In GIFTED, a new feature that has just been released to theaters, a six-year-old girl whose mother has committed suicide becomes immersed in a custody battle between her uncle, who has been raising her, and her grandmother. The fact that she is a math wizard, a child prodigy, is irrelevant. She still is a kid, and her feelings, fears, and needs are fleshed out onscreen.
But this acknowledgement that children are fully-developed human beings was not always the case, either onscreen or in real life. Decades ago, various films put forth what then was the conventional notion about kids-- and that is that they allegedly are half-formed human beings. Because of their youth, and perhaps because they are not yet entrusted with adult responsibilities, they simply have no feelings. They could not be scarred by the everyday traumas of the world around them. All they would want is a new toy or an ice cream cone and all would be right in their worlds.
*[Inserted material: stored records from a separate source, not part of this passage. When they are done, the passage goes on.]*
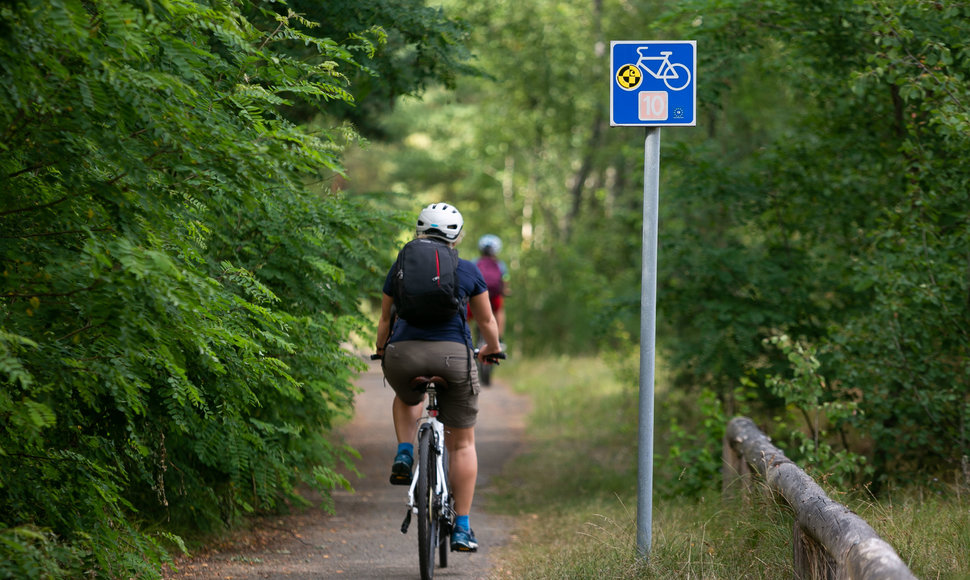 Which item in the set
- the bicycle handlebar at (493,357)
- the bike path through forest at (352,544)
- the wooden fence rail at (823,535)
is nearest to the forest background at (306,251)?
the bike path through forest at (352,544)

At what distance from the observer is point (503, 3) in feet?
67.3

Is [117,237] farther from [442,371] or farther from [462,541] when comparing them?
[462,541]

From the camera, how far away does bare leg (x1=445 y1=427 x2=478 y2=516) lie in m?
5.81

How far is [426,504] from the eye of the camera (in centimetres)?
537

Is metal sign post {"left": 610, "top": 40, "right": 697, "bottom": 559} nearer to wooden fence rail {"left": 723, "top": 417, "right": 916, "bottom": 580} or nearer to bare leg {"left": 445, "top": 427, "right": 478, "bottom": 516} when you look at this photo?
wooden fence rail {"left": 723, "top": 417, "right": 916, "bottom": 580}

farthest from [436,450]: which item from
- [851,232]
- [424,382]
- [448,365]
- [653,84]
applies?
[851,232]

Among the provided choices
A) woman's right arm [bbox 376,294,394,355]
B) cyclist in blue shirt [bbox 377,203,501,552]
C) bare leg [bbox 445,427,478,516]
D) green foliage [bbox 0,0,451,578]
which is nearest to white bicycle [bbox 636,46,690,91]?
cyclist in blue shirt [bbox 377,203,501,552]

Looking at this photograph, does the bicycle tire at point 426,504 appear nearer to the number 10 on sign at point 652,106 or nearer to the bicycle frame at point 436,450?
the bicycle frame at point 436,450

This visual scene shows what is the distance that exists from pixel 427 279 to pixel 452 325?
38 centimetres

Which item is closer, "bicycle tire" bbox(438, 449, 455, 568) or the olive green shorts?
the olive green shorts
For instance, at the finale of BETWEEN MIDNIGHT AND DAWN, which dates from 1950, a young girl is being dangled from an apartment window by the villain. If he lets go, she will fall to her death and, as one would expect, the child is screaming hysterically. Fortunately, she is saved and one would assume that she would suffer psychologically for her nightmarish experience. But no! She is calm and happy as she is carried off by her mother, and it’s as if the horror of her near-death experience never happened. She will not be blemished by it nor will she even recall it, simply because of her tender age.
Then in THE MARRYING KIND, released in 1952, a little boy accidentally drowns while on a family outing. His parents-- translation: the adults in his life-- are understandably distraught, to the point where they end up in a divorce court. However, what about his sister? Wouldn’t she be agitated? Well, the year is 1952 and the answer is: No! She is not allowed to put forth any emotion. In her initial screen time after the accident, she hustles her mother for a soft drink, just as any kid might. Then she enthusiastically welcomes her father, just as any kid might. And so on... Is she in any way distressed by the drowning? In a word: No!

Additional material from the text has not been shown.